# What is Black-Box Obfuscation?

I understand black-box obfuscation at some intuitive level as- "an adversary can learn nothing more from an obfuscated program/circuit/function than he or she can from a black-box access to the same program/circuit/function." But I am failing at grasping it formally.

I got the following description from this site:

Black-box obfuscation: For every adversary $$A$$, there is a simulator $$S$$ such that for every program $$f$$ and distinguisher $$D$$:

$$Pr(D(A(O(f)))) ≈ Pr(D(S^{f}(|f|)))$$

I understand most of it, but I don't get what a/the simulator $$S$$ is and what it is for in the definition. In other words, what has the existence of the simulator to do with?

The simulator is just an algorithm. The idea is that for any adversary $$A$$, you can create an algorithm $$S$$ that can "simulate" $$A$$, that is, that has the same output as $$A$$.

The notation $$S^{f}$$ means that the algorithm $$S$$ does not has direct access to $$f$$, but just oracle access, i.e., every time $$S$$ wants to evaluate $$f$$ at an input $$x$$, it just sends $$x$$ to the oracle and gets $$f(x)$$. This formalizes the notion of "$$S$$ learns nothing about $$f$$ but pairs of input-output $$(x, f(x) )$$". The actual input of $$S$$ is just the "size of the program". That is why we write $$S^f(|f|)$$.

On the other side, we have an adversary (also an algorithm) that has as input an obfuscation of the function, i.e., $$O(f)$$, and can evaluate the obfuscated function by itself, obtaining $$O(f)(x) = f(x)$$ for any $$x$$, but more than that, can actually analyze $$O(f)$$ to try to extract extra information about $$f$$.

Now, when we say that these two probability distributions are the same (or are indistinguishable), we are saying that both $$S^f$$ and $$A$$ behave in the same manner, i.e., the values output by them are the same. In particular, if $$A$$ can output some information about $$f$$, then $$S^f$$ also can.

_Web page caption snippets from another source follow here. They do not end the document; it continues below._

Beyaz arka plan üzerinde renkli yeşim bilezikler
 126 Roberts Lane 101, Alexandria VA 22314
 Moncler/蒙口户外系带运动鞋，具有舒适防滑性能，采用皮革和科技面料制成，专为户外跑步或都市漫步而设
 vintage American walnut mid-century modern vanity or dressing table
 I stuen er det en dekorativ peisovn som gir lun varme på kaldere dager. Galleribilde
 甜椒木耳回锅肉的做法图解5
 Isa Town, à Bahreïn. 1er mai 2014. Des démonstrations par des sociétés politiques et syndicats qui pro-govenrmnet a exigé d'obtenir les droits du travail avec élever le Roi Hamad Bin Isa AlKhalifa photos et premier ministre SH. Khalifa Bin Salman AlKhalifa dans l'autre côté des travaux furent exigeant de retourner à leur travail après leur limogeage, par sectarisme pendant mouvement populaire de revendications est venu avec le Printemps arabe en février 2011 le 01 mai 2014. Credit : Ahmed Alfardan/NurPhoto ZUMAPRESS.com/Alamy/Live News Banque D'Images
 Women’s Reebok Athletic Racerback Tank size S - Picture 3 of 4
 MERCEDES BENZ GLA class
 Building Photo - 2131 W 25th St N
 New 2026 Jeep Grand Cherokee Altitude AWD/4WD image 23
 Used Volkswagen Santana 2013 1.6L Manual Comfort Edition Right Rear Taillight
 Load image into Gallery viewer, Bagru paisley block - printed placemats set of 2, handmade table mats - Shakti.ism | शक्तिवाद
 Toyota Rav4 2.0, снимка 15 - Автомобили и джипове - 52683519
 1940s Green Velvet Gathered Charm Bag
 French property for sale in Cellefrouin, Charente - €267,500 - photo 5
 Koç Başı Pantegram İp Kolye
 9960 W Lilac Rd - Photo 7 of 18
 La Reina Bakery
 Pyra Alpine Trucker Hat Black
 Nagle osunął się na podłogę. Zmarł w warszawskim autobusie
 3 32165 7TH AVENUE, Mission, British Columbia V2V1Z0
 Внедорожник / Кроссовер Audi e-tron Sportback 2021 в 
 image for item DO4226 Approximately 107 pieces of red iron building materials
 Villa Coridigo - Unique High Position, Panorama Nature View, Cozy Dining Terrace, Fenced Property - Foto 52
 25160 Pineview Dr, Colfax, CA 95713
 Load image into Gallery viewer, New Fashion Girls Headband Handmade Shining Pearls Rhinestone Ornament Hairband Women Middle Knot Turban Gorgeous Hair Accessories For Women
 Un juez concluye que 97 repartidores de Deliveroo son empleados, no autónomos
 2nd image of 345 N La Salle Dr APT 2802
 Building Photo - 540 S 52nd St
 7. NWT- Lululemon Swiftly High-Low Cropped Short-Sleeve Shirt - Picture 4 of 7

But then that information can be learned from the input-output pairs, since that is all that $$S^f$$ has, which means that the obfuscation $$O(f)$$ is not leaking extra information about $$f$$, as intended.

• And why would $S^{f}$ need the "size of the program" as input, besides the oracle access? – DaveIdito Mar 18 at 13:51
• @Daveldito because the sizea program can in general not be hidden by obfuscation. Consider that the obfuscated program needs to still compute the same function and this can in general not be smaller. – Maeher Mar 23 at 10:21
1. You have a polynomial black box attacker, who is able to make polynomially many requests to the oracle.

2. You have an exponential black box attacker, who is able to make exponentially many requests to the oracle.

3. You have a polynomial white box attacker, who has access to the (obfuscated) representation and can do more than just query the oracle, but must work in polynomial time.

Virtual black box property says that the attacker 3 is equivalent to the attacker 1. If the attacker 3 gains powers of the attacker 2, the obfuscation is broken.